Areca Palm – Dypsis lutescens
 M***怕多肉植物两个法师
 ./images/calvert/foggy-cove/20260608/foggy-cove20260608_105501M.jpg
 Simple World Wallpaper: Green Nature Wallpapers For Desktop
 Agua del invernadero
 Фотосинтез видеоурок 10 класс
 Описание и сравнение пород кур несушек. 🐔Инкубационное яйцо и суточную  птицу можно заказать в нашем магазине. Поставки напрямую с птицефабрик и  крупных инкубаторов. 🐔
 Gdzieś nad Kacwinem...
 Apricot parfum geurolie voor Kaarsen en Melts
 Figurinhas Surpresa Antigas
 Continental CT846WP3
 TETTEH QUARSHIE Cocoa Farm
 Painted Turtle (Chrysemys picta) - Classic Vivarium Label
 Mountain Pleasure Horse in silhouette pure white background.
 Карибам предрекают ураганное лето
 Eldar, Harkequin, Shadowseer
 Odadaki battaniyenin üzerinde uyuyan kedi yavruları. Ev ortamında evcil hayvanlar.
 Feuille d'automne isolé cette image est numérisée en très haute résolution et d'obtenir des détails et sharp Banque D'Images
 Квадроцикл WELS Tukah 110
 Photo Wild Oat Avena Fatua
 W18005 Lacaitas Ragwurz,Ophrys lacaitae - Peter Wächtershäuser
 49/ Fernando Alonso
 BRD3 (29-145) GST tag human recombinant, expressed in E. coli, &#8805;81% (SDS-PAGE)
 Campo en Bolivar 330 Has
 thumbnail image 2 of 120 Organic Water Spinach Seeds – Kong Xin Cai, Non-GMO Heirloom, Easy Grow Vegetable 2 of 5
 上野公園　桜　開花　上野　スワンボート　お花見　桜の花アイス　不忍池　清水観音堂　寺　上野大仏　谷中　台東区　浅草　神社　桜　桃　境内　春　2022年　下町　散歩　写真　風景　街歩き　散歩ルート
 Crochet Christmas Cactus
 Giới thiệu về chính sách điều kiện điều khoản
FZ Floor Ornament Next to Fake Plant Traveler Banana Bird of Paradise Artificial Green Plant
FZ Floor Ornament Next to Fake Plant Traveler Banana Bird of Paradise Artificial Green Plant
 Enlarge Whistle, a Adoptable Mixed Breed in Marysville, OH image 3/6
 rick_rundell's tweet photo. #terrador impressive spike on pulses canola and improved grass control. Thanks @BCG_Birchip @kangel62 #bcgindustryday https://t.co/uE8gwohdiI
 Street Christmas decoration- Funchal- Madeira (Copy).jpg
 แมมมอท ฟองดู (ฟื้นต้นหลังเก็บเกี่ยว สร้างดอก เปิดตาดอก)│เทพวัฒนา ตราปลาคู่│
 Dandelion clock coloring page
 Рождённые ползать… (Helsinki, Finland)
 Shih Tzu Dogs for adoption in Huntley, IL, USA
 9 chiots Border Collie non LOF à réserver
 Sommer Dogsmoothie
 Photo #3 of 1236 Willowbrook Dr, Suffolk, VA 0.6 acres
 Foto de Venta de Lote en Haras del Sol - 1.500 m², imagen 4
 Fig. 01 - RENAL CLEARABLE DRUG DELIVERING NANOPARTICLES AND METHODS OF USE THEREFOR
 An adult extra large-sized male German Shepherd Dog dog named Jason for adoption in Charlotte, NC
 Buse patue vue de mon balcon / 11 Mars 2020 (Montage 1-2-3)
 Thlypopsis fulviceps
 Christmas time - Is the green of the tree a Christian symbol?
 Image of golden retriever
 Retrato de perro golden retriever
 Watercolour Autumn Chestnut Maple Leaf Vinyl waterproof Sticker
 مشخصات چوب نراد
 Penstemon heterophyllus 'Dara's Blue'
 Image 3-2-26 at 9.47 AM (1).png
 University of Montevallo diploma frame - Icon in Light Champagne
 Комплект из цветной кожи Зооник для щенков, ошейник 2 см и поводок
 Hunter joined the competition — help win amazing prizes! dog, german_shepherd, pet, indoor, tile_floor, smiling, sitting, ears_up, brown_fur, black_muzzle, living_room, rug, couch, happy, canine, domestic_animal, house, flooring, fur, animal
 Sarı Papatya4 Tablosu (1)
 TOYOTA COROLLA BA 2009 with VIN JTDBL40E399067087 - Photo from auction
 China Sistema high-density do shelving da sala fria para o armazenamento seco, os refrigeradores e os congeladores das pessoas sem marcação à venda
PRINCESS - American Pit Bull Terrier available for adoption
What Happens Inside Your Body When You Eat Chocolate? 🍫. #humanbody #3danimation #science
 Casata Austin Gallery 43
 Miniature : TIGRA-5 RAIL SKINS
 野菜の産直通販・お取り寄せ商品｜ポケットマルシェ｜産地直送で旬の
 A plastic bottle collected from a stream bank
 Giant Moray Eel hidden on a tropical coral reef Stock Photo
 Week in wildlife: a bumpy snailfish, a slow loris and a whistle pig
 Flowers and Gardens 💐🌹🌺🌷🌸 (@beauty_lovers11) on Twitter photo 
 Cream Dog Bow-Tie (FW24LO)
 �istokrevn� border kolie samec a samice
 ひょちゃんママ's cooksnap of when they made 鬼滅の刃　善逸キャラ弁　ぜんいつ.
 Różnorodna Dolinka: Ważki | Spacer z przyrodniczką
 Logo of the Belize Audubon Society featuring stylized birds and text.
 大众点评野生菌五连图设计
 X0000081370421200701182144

------------------------------------

▸ **WORK TASK**
A word-for-word copy of the lines above from the one with "Eldar, Harkequin, Shadowseer" through the one with "49/ Fernando Alonso", inclusive, is the only output wanted.

▸ **REPLY**
 Eldar, Harkequin, Shadowseer
 Odadaki battaniyenin üzerinde uyuyan kedi yavruları. Ev ortamında evcil hayvanlar.
 Feuille d'automne isolé cette image est numérisée en très haute résolution et d'obtenir des détails et sharp Banque D'Images
 Квадроцикл WELS Tukah 110
 Photo Wild Oat Avena Fatua
 W18005 Lacaitas Ragwurz,Ophrys lacaitae - Peter Wächtershäuser
 49/ Fernando Alonso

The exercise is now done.